Lately, I have become more and more interested in the exact underpinnings of a particular 'magical' element in our lives: the Internet. I have gradually learned more and more and feel finally confident to start a blog series about it. The goal of this blog series is not only to educate you, the reader, but will also help myself to study more in the area of my own knowledge gaps. I will kick off this series with HTTP, otherwise known as the mysterious abbreviation which appears at the beginning of a URL. So let's get to it!

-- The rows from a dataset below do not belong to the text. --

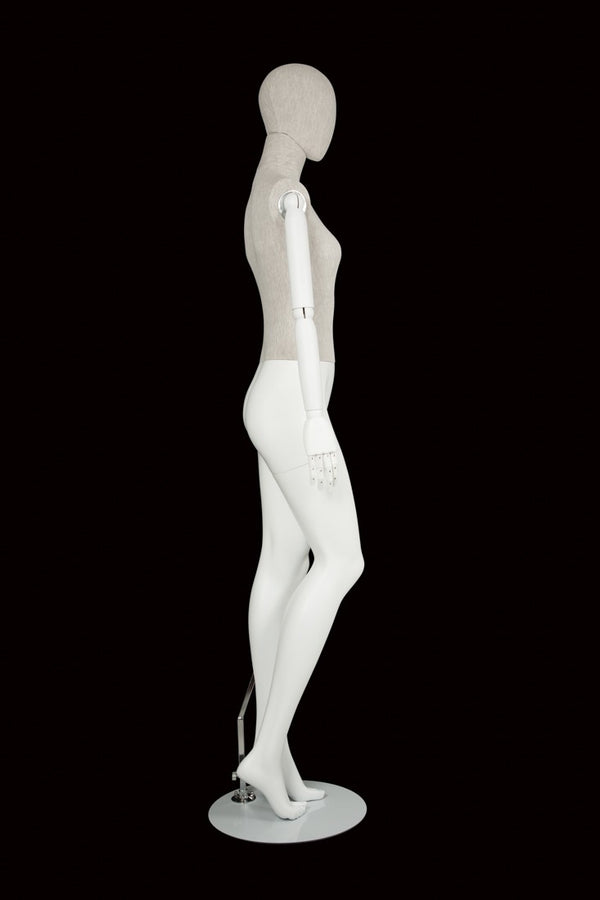 FEMALE LINEN FABRIC EGG MANNEQUIN W/ WHITE WOOD ARMS (MAF-ARM2-2/WHLN)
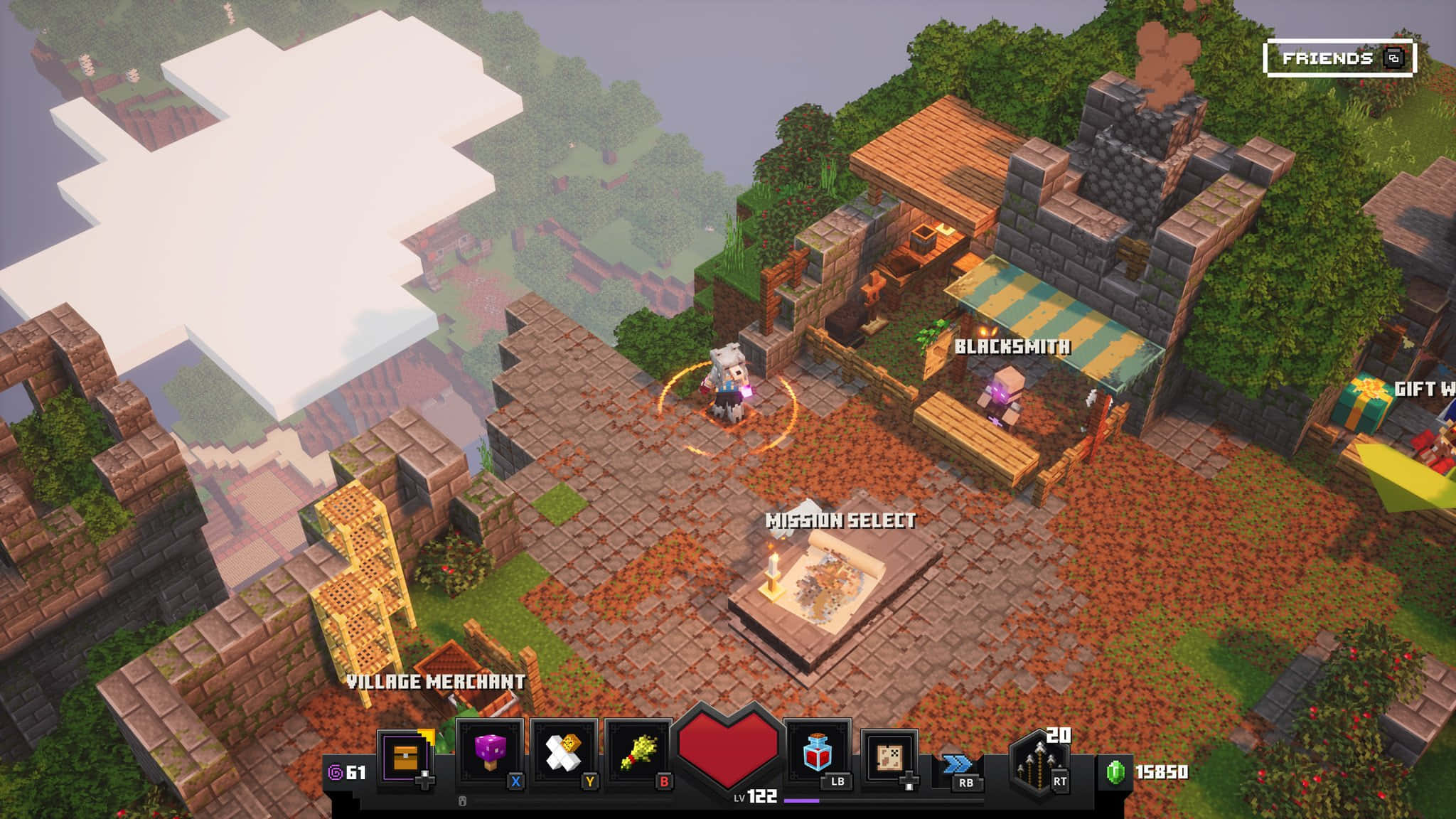 Minecraft Emeralds 桌布 壁紙 — 一個像素化的Minecraft村莊，有鐵匠和商人，天空朦朧，有浮空島嶼。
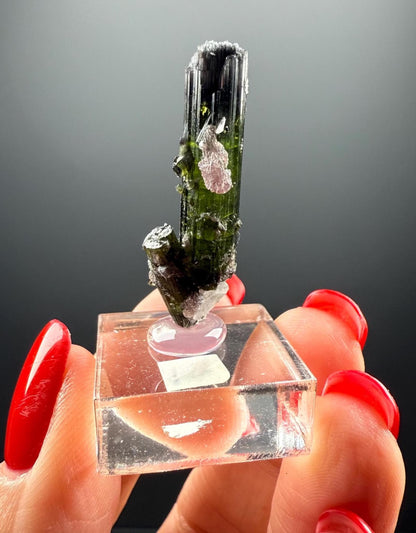 Green Tourmaline with Lepidolite Crystal from Minas Gerais, Brazil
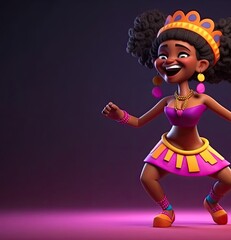 Black Female Dancer Very Attractive Backdrop Generative AI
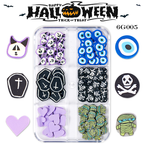 Halloween Polymer Slices - 6 Grids Multiple Shape 3D Nail Art Charms Supplies for Nails DIY Decorations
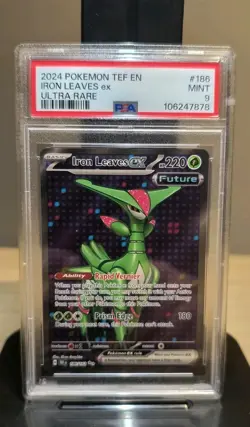 2024 POKEMON SVI TEMPORAL FORCES #186/162 IRON LEAVES EX ULTRA RARE PSA 9 - Image 1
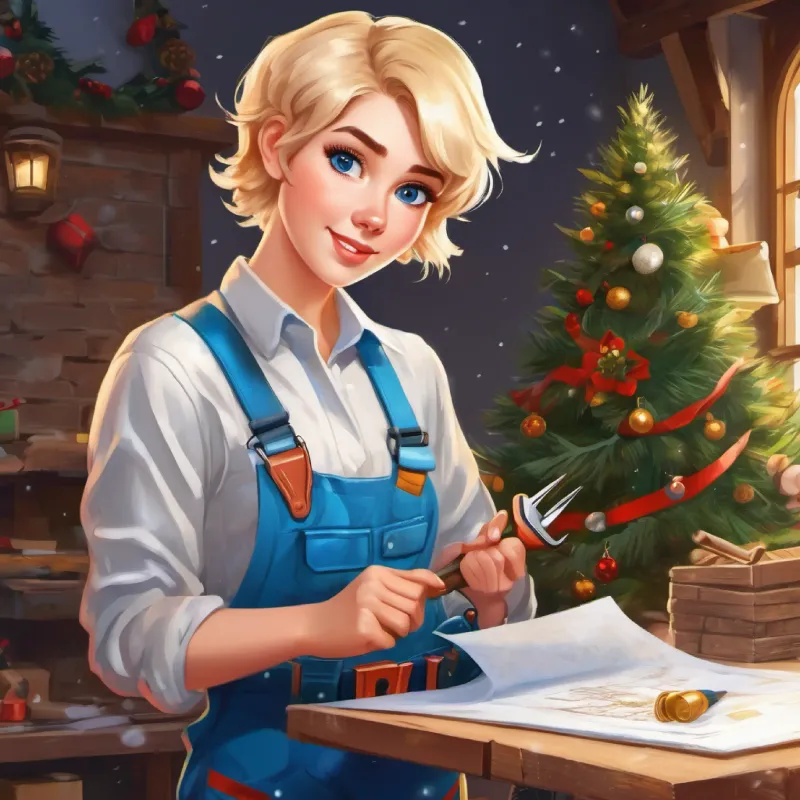 Builder, short blonde hair, blue eyes, wears a tool belt saves the drawings, promoting teamwork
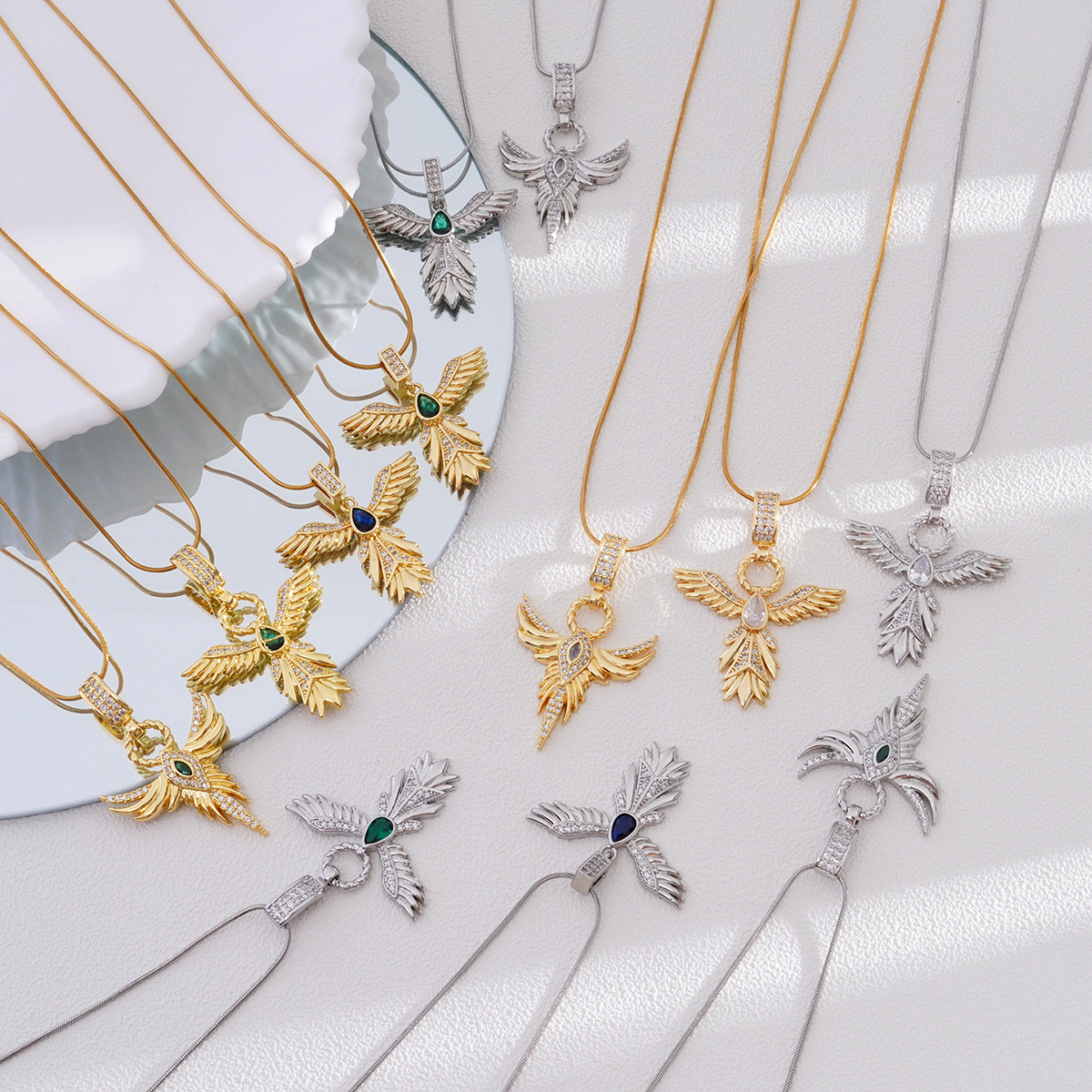 Phoenix Angel Wings Pendant Necklace Copper 18K Gold Plated Zirconia Water Drop Gemstone Snake Chain Jewelry For Women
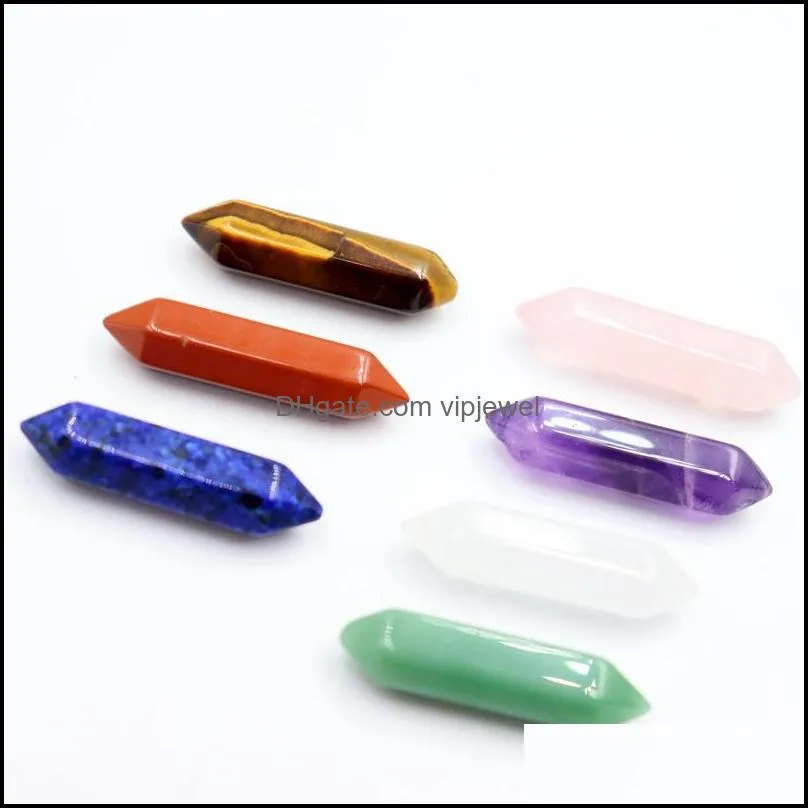 7 chakra set 8x32mm reiki natural stone crystal stones polishing amethyst rose quartz yoga energy bead chakra healing vipjewel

First things first. HTTP is the abbreviation for HyperText Transfer Protocol. Don't worry too much now about the exact meaning of these words, we will handle them one for one.

Protocol

When we hear protocol, we can think of a few things. In diplomacy, protocol governs how important international actors should interact between each other. For example, before WWII, it was rude to look the Japanese emperor straight into the eyes. In some respects, it has a lot do do with the more common concept of etiquette: it is a set of courtesy rules which take the hierarchical and social positions of the people present into account. An easy example is the way how you address certain people: in the academic world, you should never ever address a professor with "Dear Mr." but instead use "Dear Professor". In the diplomatic world, you are supposed to address a female minister with "Dear Madam Minister" instead of "Dear Mrs.". Even in a more day-to-day context, etiquette/protocol is everywhere you look: you are expected to say 'Good morning' to your co-workers when you arrive; if you know that your conversation partner doesn't speak your language, you are supposed to switch to their language; if you notice that he keeps looking at his watch, you are expected to finish the conversation.

Protocol is also dependent on the situation (you will not care too much about etiquette in the McDonalds) and dependent on the culture (while bowing to greet somebody is quite normal in Japan, you will get strange looks when you do it in Belgium). Protocol can be verbal or non-verbal but will in almost all cases mean something: if for example, you don't look in the pre-war Japanese emperor's eyes, you acknowledge that he is the emperor and that you are 'lower' than him.

We can conclude that protocol determines how two people will interact. It structures the communication between them. It is not about what you say but more about how you say it. Beware! It is different from language! For example, the courtesy rule to start a letter with "Dear Mr." and end it with something like "Kind regards" can be translated to any language.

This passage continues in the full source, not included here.